I remember talking to a teacher in an inner-city public middle school a few years back. He told me that he didn’t even bother assigning homework because the kids just wouldn’t do it. He said, “If the parents don’t make their kids do their homework, they’re not going to do it.” He’s right. And how do you think those kids are going to turn out?
Teaching is a futile endeavor unless parents back teachers. School is not supposed to be a day care center for parents to drop off the kids and neglect their parental reponsibilities. School is supposed to be a place where parents send their kids to help in the education process. It’s supposed to be a three part relationship, with parent, teacher, and student all doing their part. If parents don’t demand that their children behave and earn good grades, they’re probably not going to do either.
Parents are the greatest influence upon children. As R. L. Dabney said, “God has provided for the parents social and moral influences so unique, so extensive, that no other earthly power, or all others together, can substitute them in fashioning the child’s character.” It is therefore sad when parents fail to do their job in raising their own kids.

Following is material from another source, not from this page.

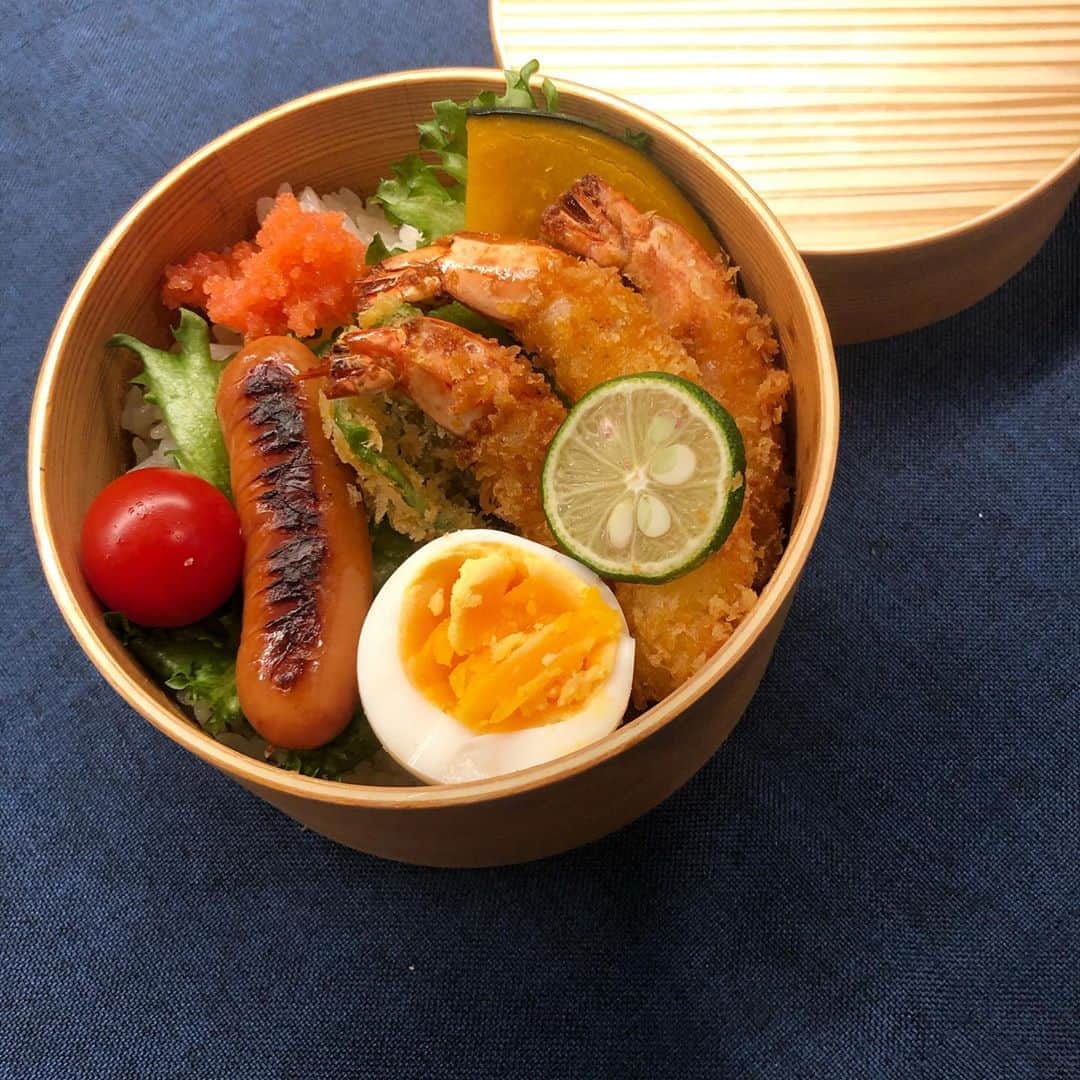 のインスタグラム：「・ おはようございます！ 今日はエビフライ弁当。ソーセージ焦げてる😪  昨日は中秋の名月、凄く近くて綺麗な満月でした🌝 昨日はみんな空を見あげていたなんて、ロマンチック で満月のパワーを感じる！ さ！今日も頑張りましょう♡」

The Contribution of Government Schools
The issue is a vicious cycle. Broken homes and bad parenting make education difficult. But our educational system also contributes to the breakdown of the family. Our government schools separate moral instruction and character formation from the education of youth. Public schools are permeated with the idea that they are “neutral” and are just teaching kids “facts.”
This is a ridiculous concept. Education clearly involves moral instruction. It is impossible to evaluate events, persons, and concepts without moral evaluation. Furthermore, our public schools are not neutral. They claim they provide no moral instruction, all the while they teach kids they are grown-up germs and then equate sex education with birth control. So are we really surprised that 40% of kids today are born to unmarried mothers?
It’s fair to say we have a serious problem on our hands. Parents are abdicating responsibility in educating their children, and the state is seeking to usurp the parents’ role. Children are suffering for their parents’ mistakes, but they will most likely follow the same path as their parents. It’s all they’ve ever seen, and their schools will not tell them they should live any different. Our secular educational system wants to play “daddy,” but it only ends up perpetuating the problem.
So what’s the solution? Well we cannot fix everyone’s problems for them, but we can offer them an alternative. Christian parents must begin by spurning the system and reclaiming their role as the primary educators of their children. Get your kids out of public school and get them a Christian education. Start Christian home school groups and private schools, and teach your kids a biblical worldview. Unbelievers will then see the superiority of our educational model—parental involvement, character formation, and academic excellence—and they will be attracted to it. They may even want to attend our churches and schools. Rather than trying to live like unbelievers, we can show them a better way.
 R. L. Dabney, Discussions, vol 4, 1897.